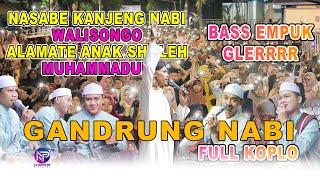 GANDRUNG NABI FULL KOPLO | UMK BERSHOLAWAT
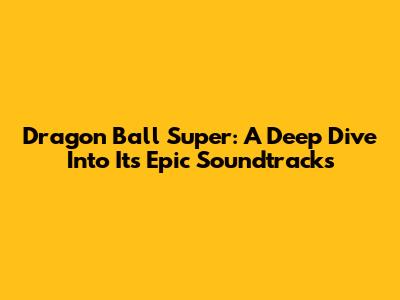 Dragon Ball Super: A Deep Dive Into Its Epic Soundtracks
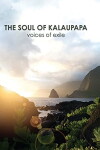 The Soul of Kalaupapa: Voices of Exile (2011)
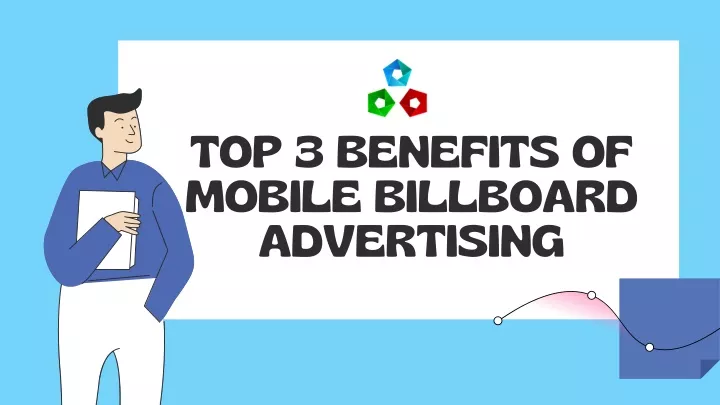 top 3 benefits of mobile billboard advertising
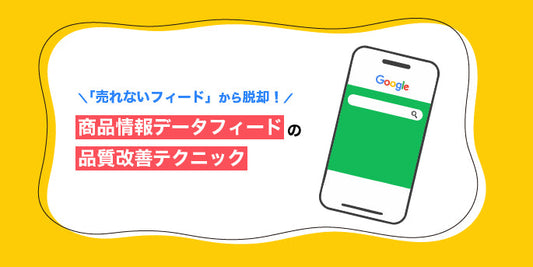 「売れないフィード」から脱却！商品情報データフィードの品質改善テクニック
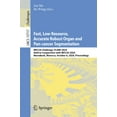 thumbnail image 1 of Lecture Notes in Computer Science Fast, Low-Resource, Accurate Robust Organ and Pan-Cancer Segmentation: Miccai Challenge, Flare 2024, Held in Conjunction, Book 15717, (Paperback), 1 of 1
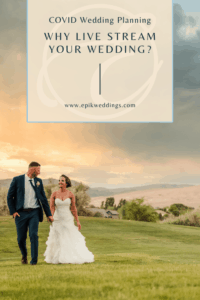 Live Streaming Weddings by Epik Weddings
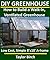 DIY Greenhouse: How to Build a Walk-In, Ventilated Greenhouse Using Wood, Plastic Sheeting & PVC (Greenhouse Plans Series)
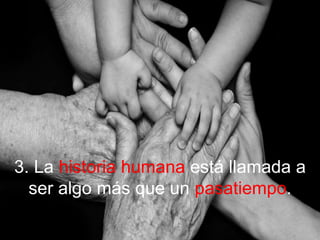 3. La historia humana está llamada a
ser algo más que un pasatiempo.
 
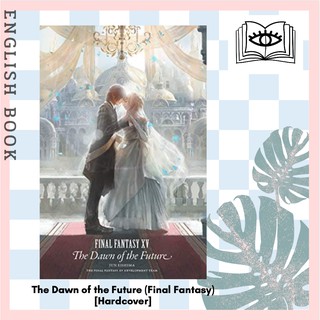 [Querida] The Dawn of the Future (Final Fantasy) [Hardcover] by  Jun Eishima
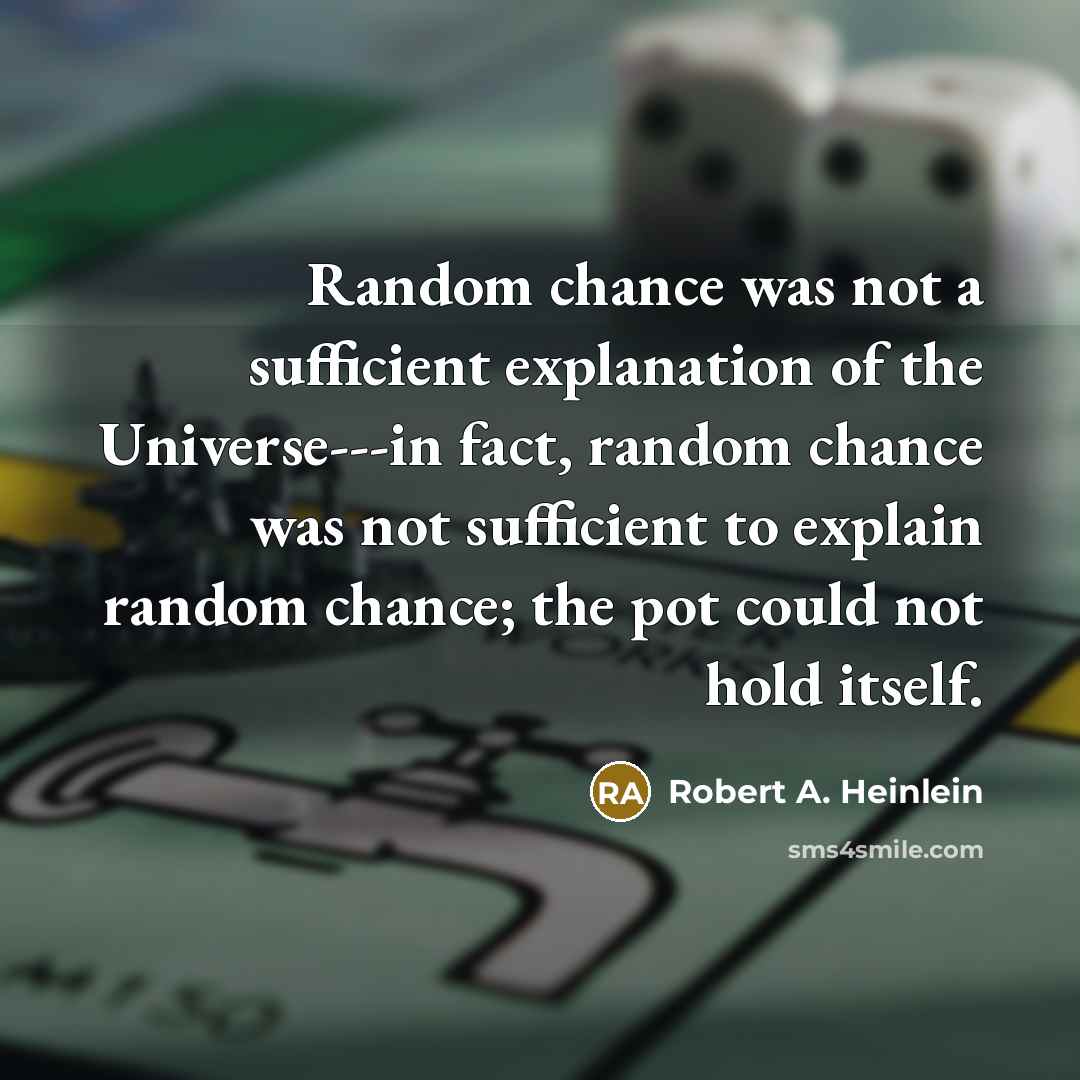 “Random chance was not a sufficient explanation of the Universe---in fact, random chance was not sufficient to explain random chance; the pot could not hold itself.” quote by Robert A. Heinlein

YOUR OBJECTIVE - An exact transcription of the records above is needed, with no pictures included.

ANSWER TO THIS EXERCISE -
 GANDRUNG NABI FULL KOPLO | UMK BERSHOLAWAT
 Dragon Ball Super: A Deep Dive Into Its Epic Soundtracks
 The Soul of Kalaupapa: Voices of Exile (2011)
 top 3 benefits of mobile billboard advertising
 「売れないフィード」から脱却！商品情報データフィードの品質改善テクニック
 thumbnail image 1 of Lecture Notes in Computer Science Fast, Low-Resource, Accurate Robust Organ and Pan-Cancer Segmentation: Miccai Challenge, Flare 2024, Held in Conjunction, Book 15717, (Paperback), 1 of 1
 Live Streaming Weddings by Epik Weddings
 DIY Greenhouse: How to Build a Walk-In, Ventilated Greenhouse Using Wood, Plastic Sheeting & PVC (Greenhouse Plans Series)
 3. La historia humana está llamada a
ser algo más que un pasatiempo.
 
 [Querida] The Dawn of the Future (Final Fantasy) [Hardcover] by  Jun Eishima
 “Random chance was not a sufficient explanation of the Universe---in fact, random chance was not sufficient to explain random chance; the pot could not hold itself.” quote by Robert A. Heinlein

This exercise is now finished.